- _What the task requires_:
Give every line of the records exactly, please, from the first up to and including the one containing "Calcetín largo mapache".

[Entries taken from a collection]
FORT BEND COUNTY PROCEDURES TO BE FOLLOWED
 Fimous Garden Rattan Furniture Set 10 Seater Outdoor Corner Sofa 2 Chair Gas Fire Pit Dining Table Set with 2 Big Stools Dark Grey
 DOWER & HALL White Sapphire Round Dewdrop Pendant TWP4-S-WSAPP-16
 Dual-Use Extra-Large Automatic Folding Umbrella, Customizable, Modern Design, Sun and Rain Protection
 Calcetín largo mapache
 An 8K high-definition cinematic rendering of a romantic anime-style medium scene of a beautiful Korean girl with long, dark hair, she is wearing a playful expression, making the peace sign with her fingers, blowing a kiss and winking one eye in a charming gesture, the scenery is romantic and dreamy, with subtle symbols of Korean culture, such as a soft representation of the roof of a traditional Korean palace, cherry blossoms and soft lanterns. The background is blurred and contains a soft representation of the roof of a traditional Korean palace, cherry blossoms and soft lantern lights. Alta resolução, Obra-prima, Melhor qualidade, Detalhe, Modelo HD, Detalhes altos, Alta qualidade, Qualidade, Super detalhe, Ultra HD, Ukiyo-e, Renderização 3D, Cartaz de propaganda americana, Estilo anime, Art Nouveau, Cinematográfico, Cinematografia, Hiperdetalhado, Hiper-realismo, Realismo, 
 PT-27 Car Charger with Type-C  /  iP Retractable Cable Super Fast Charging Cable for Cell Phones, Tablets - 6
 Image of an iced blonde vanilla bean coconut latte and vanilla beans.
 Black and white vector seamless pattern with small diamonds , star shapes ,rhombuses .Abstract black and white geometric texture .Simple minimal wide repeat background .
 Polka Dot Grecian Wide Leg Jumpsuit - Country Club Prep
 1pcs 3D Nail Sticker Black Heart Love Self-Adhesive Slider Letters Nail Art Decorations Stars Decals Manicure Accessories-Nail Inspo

- _Exercise output_:
FORT BEND COUNTY PROCEDURES TO BE FOLLOWED
 Fimous Garden Rattan Furniture Set 10 Seater Outdoor Corner Sofa 2 Chair Gas Fire Pit Dining Table Set with 2 Big Stools Dark Grey
 DOWER & HALL White Sapphire Round Dewdrop Pendant TWP4-S-WSAPP-16
 Dual-Use Extra-Large Automatic Folding Umbrella, Customizable, Modern Design, Sun and Rain Protection
 Calcetín largo mapache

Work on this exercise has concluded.